After Tester Push, Interior Reverses Burdensome Land and Water Conservation Fund Order
Senator: “This reversal is a victory for Montana’s private property owners”
Following an aggressive push by Montana's senior Senator, U.S. Senator Jon Tester today announced that the Department of the Interior had rescinded its recent Secretarial Order which undermined the Land and Water Conservation Fund (LWCF) by placing additional burdensome federal regulations on private landowners and their property.
"This reversal is a victory for Montana's public lands and for private property owners who know the federal government has no business telling Montanans what to do with their own land," said Tester. "Now that this federal overreach has been rolled back, we can focus on getting back to using the LWCF the way it was intended: working with folks on the ground to protect our most important landscapes and create new recreational opportunities. I'll continue to push back hard on federal overreach and on burdensome regulations that restrict our freedoms and jeopardize our public lands."
The Secretarial Order, signed at the 11th hour of the previous Administration any public input, required private landowners to obtain written support from county and state governments before they can voluntarily initiate a land sale through LWCF. It also required Interior to prioritize projects for the Fish and Wildlife Service and National Park Service over any other bureau, neglecting the Bureau of Land Management's 245 million acres of public land. Additionally, it relied on LWCF projects to resolve public land access issues, and it constrained all land acquisitions to current boundaries of federal land. This would have significantly impeded Interior's ability to utilize LWCF to resolve complex land access issues.
Last month, during a meeting with President Biden's Interior Secretary Nominee, Congresswoman Deb Haaland, Tester urged her to work with him to roll back this order. Last year, he also pushed former Interior Secretary David Bernhardt hard to rescind the policy.

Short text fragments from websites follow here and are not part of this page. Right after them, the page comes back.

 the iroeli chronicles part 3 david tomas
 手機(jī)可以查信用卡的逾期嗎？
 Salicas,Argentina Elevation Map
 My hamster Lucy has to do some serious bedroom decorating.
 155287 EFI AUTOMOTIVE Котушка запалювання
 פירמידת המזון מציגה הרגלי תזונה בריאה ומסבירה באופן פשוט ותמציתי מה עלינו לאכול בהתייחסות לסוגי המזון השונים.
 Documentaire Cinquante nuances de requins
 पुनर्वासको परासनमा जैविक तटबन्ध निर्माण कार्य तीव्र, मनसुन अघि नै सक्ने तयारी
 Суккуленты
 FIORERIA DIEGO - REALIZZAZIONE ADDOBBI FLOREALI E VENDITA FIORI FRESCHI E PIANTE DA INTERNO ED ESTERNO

"I am deeply concerned by the Department of Interior's repeated attempts to undermine LWCF over the last two weeks," wrote Tester. "Secretarial Order number 3388 issued by the Department today puts further restraints on LWCF, one of our nation's most critical conservation and public land access programs. I urge you to immediately rescind this anti-public land order."
Tester continued, "This undercuts what a landowner can do with their own private property, and creates unnecessary, additional levels of bureaucracy that will hamstring future land acquisition through the Land and Water Conservation Fund."
Tester has been Montana's most staunch defender of the LWCF. Last year, Tester pushed his landmark Great American Outdoors Act through Congress and into law, which secured full, mandatory funding for LWCF at $900 million a year, and $9.5 billion to address maintenance backlogs on public lands across the United States.
Established in 1964, the LWCF uses revenues from oil and gas leasing to fund conservation and recreation priorities across the nation. Since its creation, the LWCF has invested millions into Montana's $7.1 billion outdoor recreation economy.
Tester first sponsored a bill to fully fund the LWCF in 2009, and until recently was the only member of the Montana delegation to support full, mandatory funding for LWCF.